Unfortunately, organizations and executives are not convinced that their spending and training is truly secure, and believe that hackers will once again have the upper hand anywhere between 2 and 5 years from now. Cybersecurity seems to be a vicious, never-ending cycle of the “good guys” stepping up their security and training to prevent attacks, only to be followed by the “bad guys” discovering new methods to infiltrate systems.
The bad news
For many security executives and leaders, cybersecurity is a frustrating process. They can easily figure out how much time and resources their company is spending on security, but it is much harder for them to quantify what they have saved by preventing attacks on their systems. Cybersecurity has become a continuous cycle to outsmart attackers and try to eliminate a weakness or prevent an attack before it even happens. The best step of defense is to make cyber breaches by attackers expensive for them in terms of money, time and research. On top of the loss of valuable data and assets, organizations also suffer from damaged reputations when an attacker is able to successfully infiltrate their systems.
The good news
Despite the fact that cybersecurity seems a somewhat exhaustive and frustrating process, organizations are paying more attention to cybersecurity than they were 5 years ago, which is a step in the right direction. Martin Libicki, co-lead author of the study and senior management scientist at RAND, a nonprofit research organization says, “Companies that didn’t even have a chief information security officer five years ago have one now, and CEOs are more likely to listen to them.

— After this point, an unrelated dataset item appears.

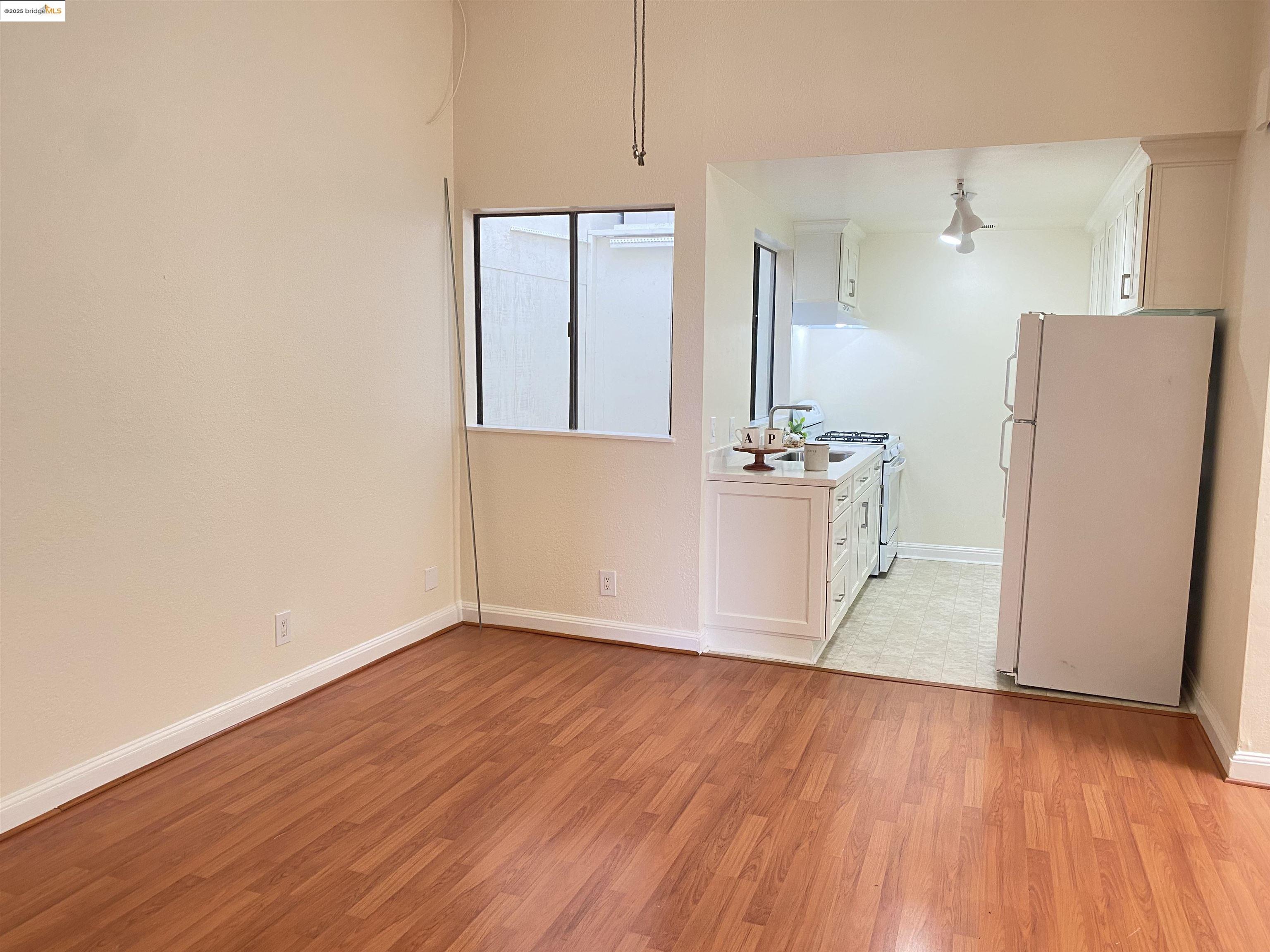 Detail Gallery Image 10 of 25 For 1138 E 12th St., Oakland,  CA 94606 - – Beds | – Baths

Core software is improving and new cybersecurity products continue to appear, which is likely to make a hacker’s job more difficult and more expensive.”

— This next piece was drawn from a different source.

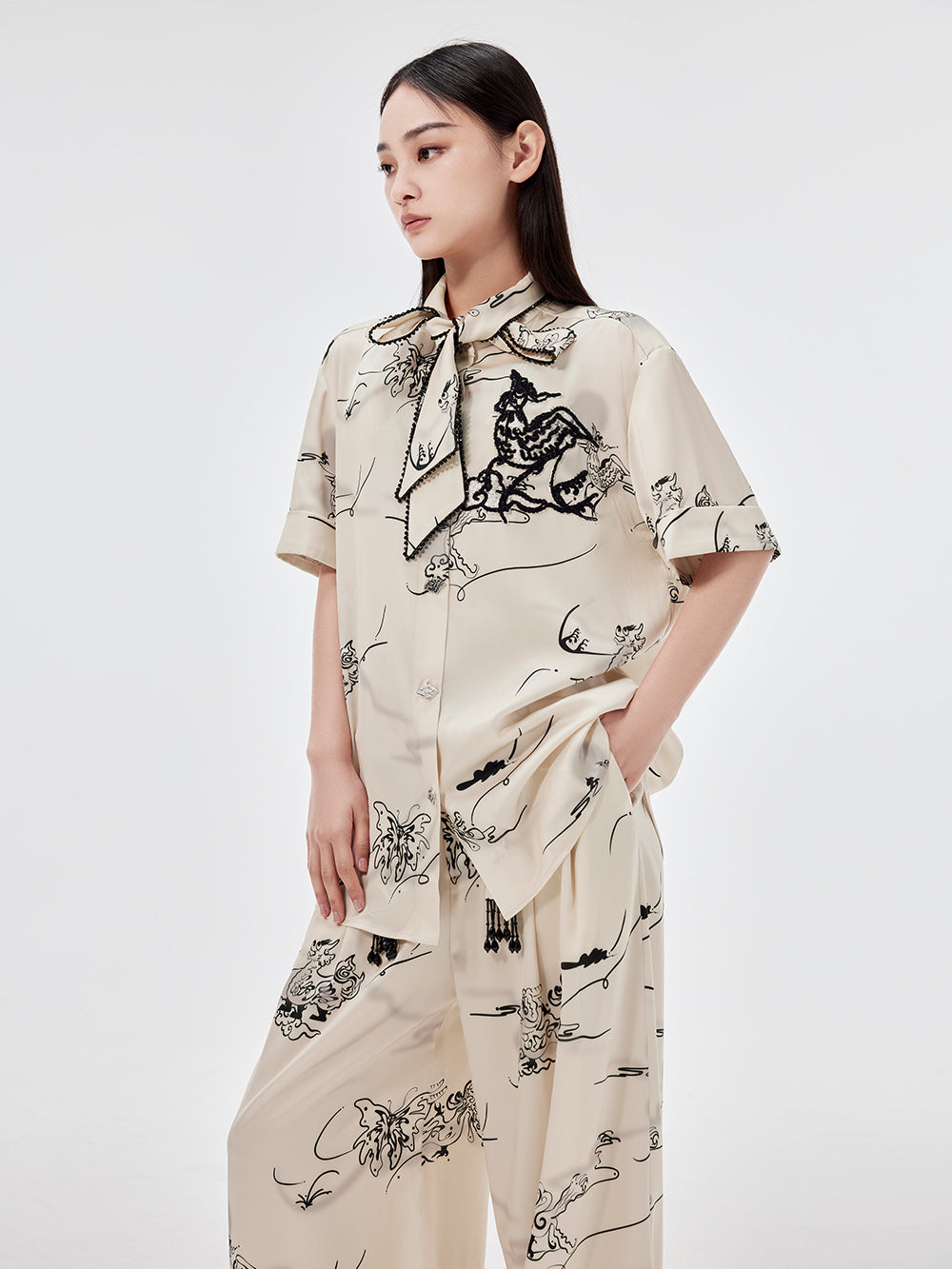 MUKZIN Satin Floating Collar Shirt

Closing the gap between cyber attacks and our preventative methods will take two things:
- More versatile technology
- More disciplined users
The technology we set in place to prevent attacks needs to be updated and able to keep up with the new methods attackers are throwing our way. Attackers are using new methods of hiding their tracks, encrypting their traffic and breaching into our systems nearly unnoticeable—security systems need to be able to detect this. In addition, changes must be made on the user’s end—in a vast majority of successful breaches, the initial attack site was a single user at a single system point, clicking on an attachment or corrupted link.
While the cycle of cyber attacks and increased security may seem exhaustingly overwhelming, companies are becoming more aware of the importance of security training and preventative measures. If companies continue to focus on improving their security technology and training their system users in safety, they may start to see a decrease in the attacks made on their organization.